The second financial
goal everyone should have is much like the first. Set a goal to fully fund your
individual Roth IRA accounts. I say accounts for those who are married. Even if
you are a single income family such as mine, you must make it a priority to
first fund the non-working spouses Roth IRA and then your own. Current limits
are $5.5K per individual and $1K catch-up contributions for those over age 50. Once
again, if you are over age 50, then you need to take advantage of the catch-up
contribution. I recommend that the working spouse in a single income family
funds the non-working spouse’s Roth IRA first because the working spouse will
likely have access to an employer sponsored 401k plan that will be fully
funded. The priority is first the 401k, then the non-working spouse’s Roth IRA
and then the working spouse’s Roth IRA. If both people are working, then this
goal is a lot easier, but even for the single or the single income family,
there is a way to build a strategy to do this without impacting the family
budget.
In today’s world of high health care costs and the disaster
known as the “unaffordable care act,” families today need every advantage they
can get. Even individuals need to take advantage of the Health Savings Account
or HSA, as they are commonly called. Therefore,
the third financial goal everyone should have is to fully fund the family’s
HSA. Current limits are $6.75K per
family and $1K catch-up contributions for those over age 55. If you are over
age 55, then you need to take advantage of the catch-up contribution. Don’t
ever leave money on the table when you are in full blown wealth building mode. Some
of you might be asking “How is a family supposed to afford all of this savings
and investments on an average salary?” You have to develop the mentality that
believes “Where salary leaves off, strategy takes over.” The following table
shows that, with a little nest egg, one can use the growth of such to create an
ulterior income that becomes the pump-primer for the well of wealth.

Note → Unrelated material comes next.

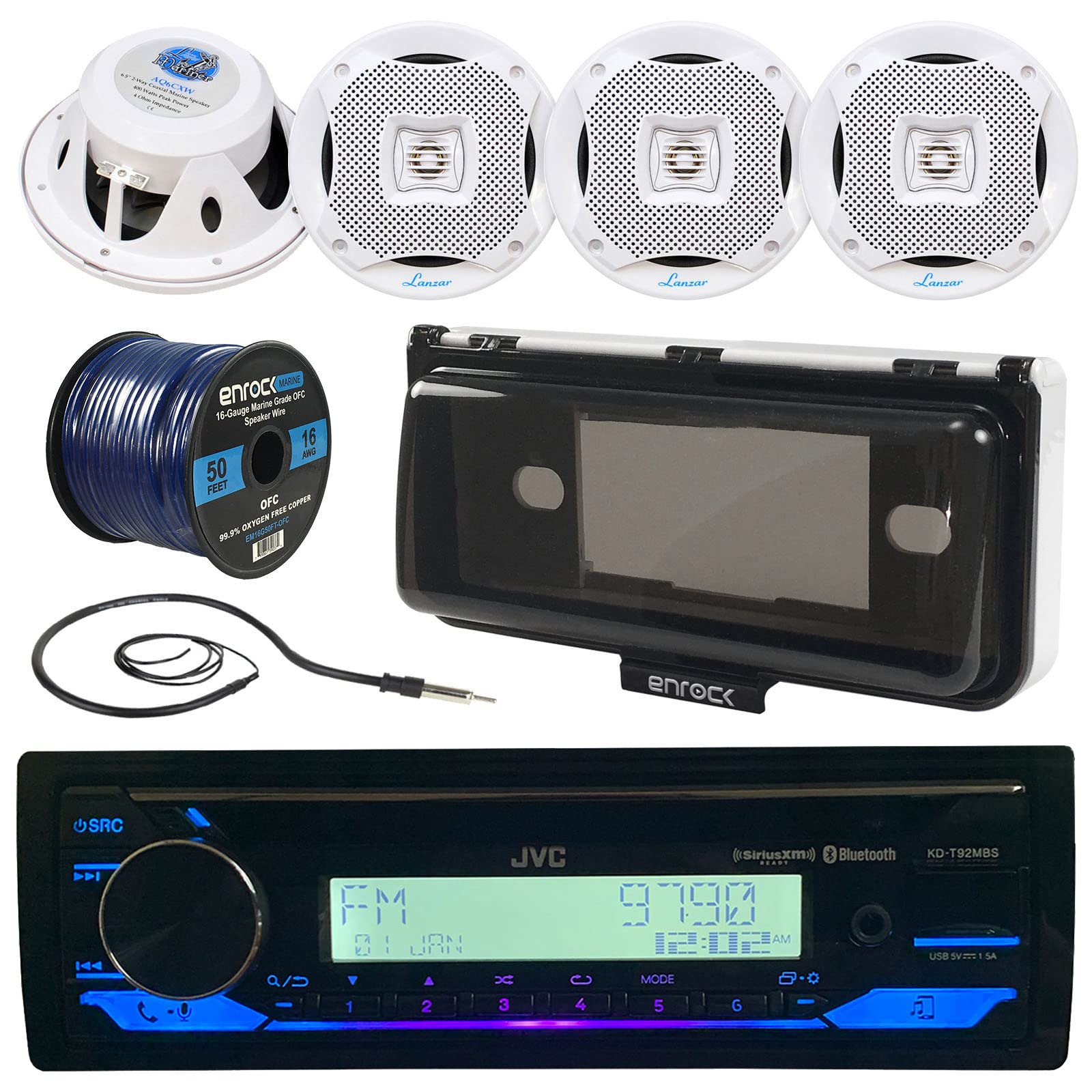 Single Din Marine Motorsports Bluetooth Usb Aux Am/Fm Radio Stereo Cd Player Receiver + 4X 400W 6.5'' White Coaxial Speakers + R
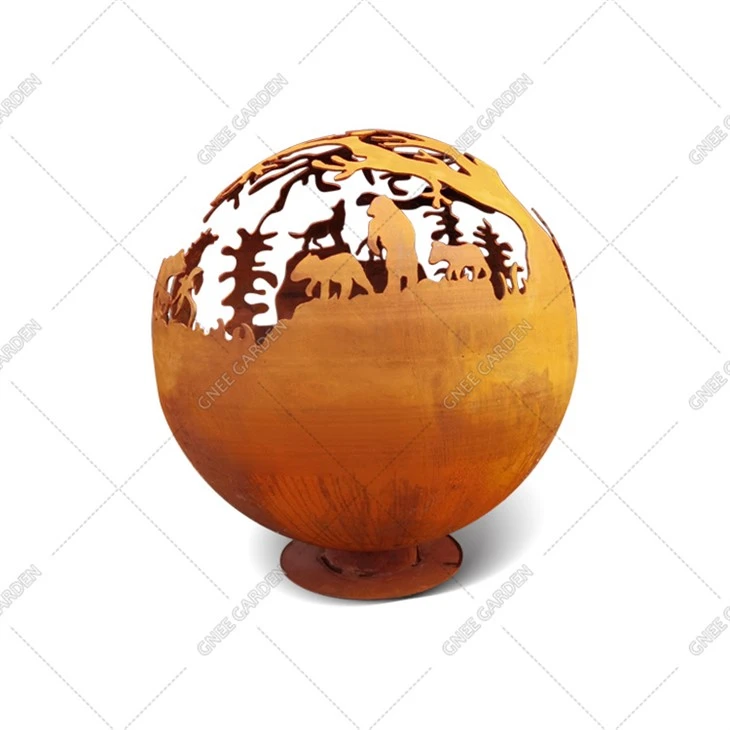 Corten Steel Fire Ball Fire Pit כדור פטיו חיצוני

The more you can increase the brokerage account’s value, the
lower the dividend yield you need to accomplish your goal. It is conceivable
that you can get to the point where your money is making more for you than you
make for yourself, but I’ll leave that for another discussion. This goal is a powerful
one, but when you coupe it with the fourth goal, you have a wealth building
engine that will blow you away.
The fourth financial
goal everyone should have is to contribute the same percentage of his or
her income towards the brokerage account that he or she needs to generate in
returns to fund his or her Roth IRA’s and HSA. In the first example, the income
earner must generate an 8.88 percent return to fully fund the Roth IRA’s and
the HSA. Now imagine if the income earner could put an additional 8.88 percent
of his or her income into the brokerage account. Funding the accounts mentioned
would be a lot easier. The key is to use a portion of your current income as
the inorganic seed in concert with your brokerage account to fully fund your
Roth IRA’s and HSA. It is not uncommon to find someone who uses this strategy
contributing 30 percent of his income to his 401k and 11 percent of his income
to his brokerage account. Maxing out your 401k and seeding your brokerage with
inorganic growth can go a long way to achieving these five financial goals.
The fifth financial
goal everyone should have is to increase cash reserves. These cash reserves
are not held in a traditional savings account. This is money you hold in actual
cash. The best way to increase this cash reserve is to identify Passive Revenue
Streams (PRS). Passive Revenue Streams are sources of income that are
non-traditional and income that is generated without requiring a considerable
amount of time or energy. The one rule about passive income that you absolutely
must obey is this. Passive Revenue should never cost you financially. It is passive,
meaning that it should not require a lot of time and energy and it is revenue,
meaning that it is an asset, not a liability.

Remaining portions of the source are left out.